Shadow III was built as a civilian motorboat in 1916 by the Purdy Boat Company, at Miami, Florida. The U.S. Navy purchased Shadow III from Purdy on 12 June 1917 for use as a patrol boat during World War I. She was commissioned on 4 September 1917 as USS Shadow III (SP-102).

Shadow III patrolled the Florida coast off Miami during World War I. After the war, she acted as an aircraft crash boat for Naval Air Station Miami, Florida.

Shadow III was decommissioned at Miami on 25 January 1919. The Navy delivered her to the Parris Island Marine Corps Base at Parris Island, South Carolina, on 1 August 1919 for further non-commissioned service.

In December 1919, Shadow III was taken to the Charleston Navy Yard at Charleston, South Carolina, for survey.

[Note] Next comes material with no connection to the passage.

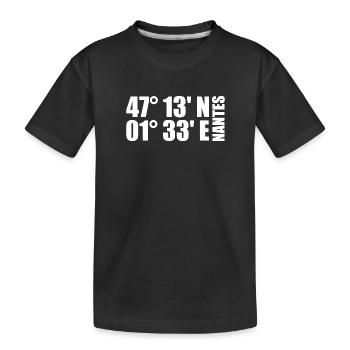 Nantes Koordinaten - Kinder Premium Bio T-Shirt - Schwarz - Vorne
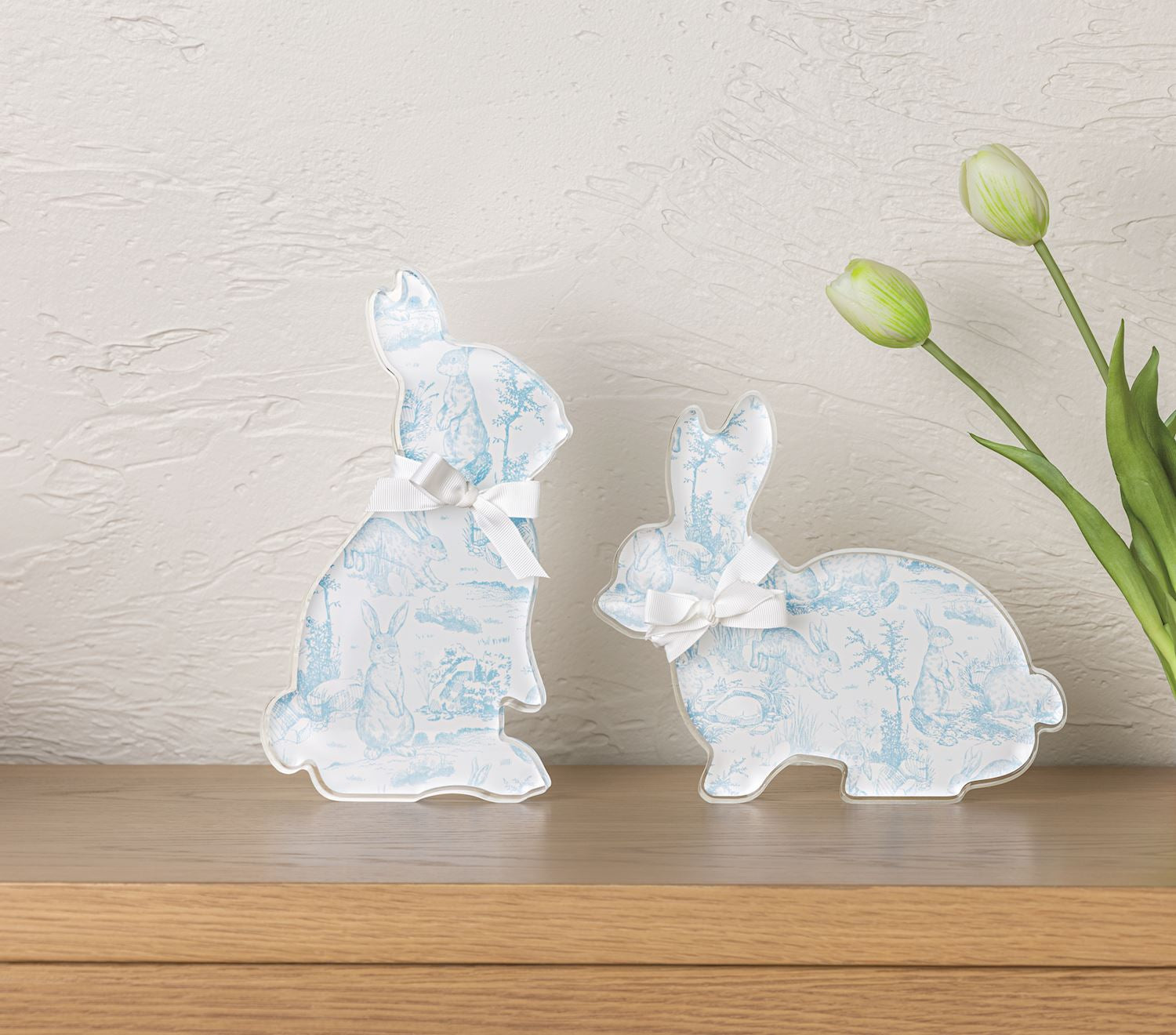 Sitting Up Toile Acrylic Bunny Sitter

She was sold on 5 August 1921 to Mike Letiff of Charleston.

See also
Crash boats of World War 2

References

Department of the Navy Naval Historical Center Online Library of Selected Images: U.S. Navy Ships: USS Shadow III (SP-102), 1917-1921. Originally the Civilian Motor Boat Shadow III
NavSource Online: Section Patrol Craft Photo Archive: Shadow III (SP 102)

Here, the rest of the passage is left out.